The sequel to the tense home invasion thriller Don’t Breathe is here – and with it comes one of the most surprising one-eighties we’ve ever seen in a movie character. From a monster to a bona fide Rambo, in Don’t Breathe 2 Norman Nordstrom has joined the pantheon of Hollywood butt-kickers in a spectacular fashion.
That said, the concept of a blind warrior relying on his senses to fight against his attackers is not something new to fiction. In fact, Nordstrom’s combat prowess and seemingly unparalleled skills could be linked to a legendary clan of warriors: the mighty samurai.
Bushido: A Way of Life
Nordstrom’s transformation between Don’t Breathe 2 and its prequel is a sight to behold. In the first film, the blind man used to be the villain. While it could be argued that he was protecting his home from a group of thieves, that doesn’t mean that his kidnapping and forcefully inseminating women is justified in any way, shape, or form.

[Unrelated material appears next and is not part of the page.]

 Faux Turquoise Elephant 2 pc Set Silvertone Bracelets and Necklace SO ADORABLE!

Surprisingly, Don’t Breathe 2 stands as its own thing. The events of the previous film are hardly mentioned at all, and it seems like Nordstrom has become a better man now that he has an adopted daughter.
All this ex-Navy SEAL wants is a quiet life, and that’s the ultimate goal of the samurai way of life: bushido. Fierce on the battlefield, yet calm in daily life, samurai warriors strived for peace and order in their societies. They knew that the way to achieve this was through the use of their swords, but they were unsheathed only as a last resort.

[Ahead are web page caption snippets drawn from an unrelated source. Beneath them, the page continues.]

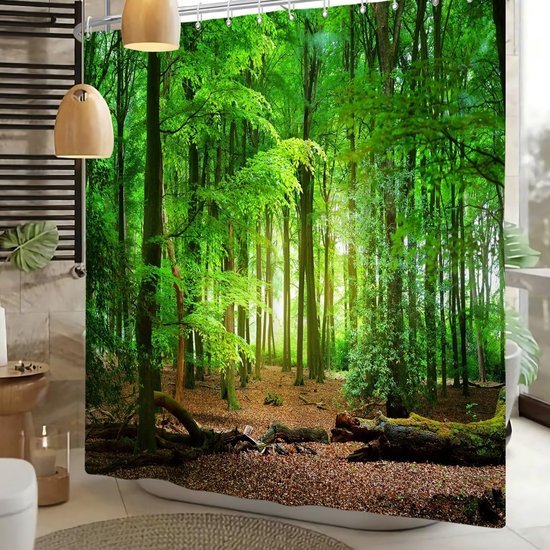 Unyqoos® Waterafstotend douchegordijn met 3D landschap print voor badkamer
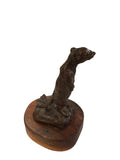 Bronze weasel sculpture on wood base signed Lowell Davis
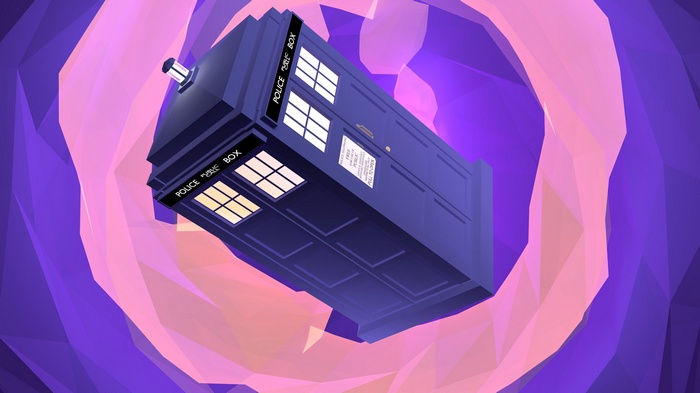 TARDIS traveling through a purple and pink vortex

While not extremely similar, the character of Norman Nordstrom reminds us of Zatoichi, the blind samurai. Extremely popular in Japan, the legends of the blind swordsman have inspired a great number of films, including classics like The Tale of Zatoichi and Zatoichi the Fugitive.
The fact that Nordstrom finds redemption through love is also a common trope in samurai tales. Noble yet fierce people, the samurai believed that love could bloom, even on the battlefield.
Don’t Think, Feel
The fact that Nordstrom is a blind man has no negative effects on his combat prowess. Throughout the film, Nordstrom tries to fight his opponents fair and square, dragging them to his world of shadows.

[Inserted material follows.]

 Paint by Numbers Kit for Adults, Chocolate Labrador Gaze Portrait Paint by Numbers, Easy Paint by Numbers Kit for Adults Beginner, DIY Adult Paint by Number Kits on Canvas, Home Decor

Being blind only means that Nordstrom has to rely on his other senses, a fact that some popular martial artists have mentioned throughout the years, One extremely popular quote on the subject comes from Bruce Lee. Lee’s iconic phrase “Don’t think, feel!” embodies the philosophy behind Don’t Breathe 2 fighting scenes.
As he’s unable to see his opponents, Nordstrom has to listen closely to their footsteps. If that fails, the blind man could always feel the flow of combat to get an idea of where their foes are located at all times. Every fight scene in this movie feels like it belongs in a classic kung fu film, complete with the unnerving moments of tension before the punches begin.
Don’t Breathe 2 feels like a movie that time forgot. This is a movie that acts more like a classic 80s flick than most actual 80s movies – complete with a montage of the main character suiting up and getting ready to go on a killing spree.
It’s pure, undiluted fun from start to finish, even if it can get particularly dark during certain scenes. Fans of the first movie might be shocked by Norman’s change of character, but martial arts films lovers and those who enjoy the classic tale of crestfallen samurai might find a hidden gem in Don’t Breathe 2.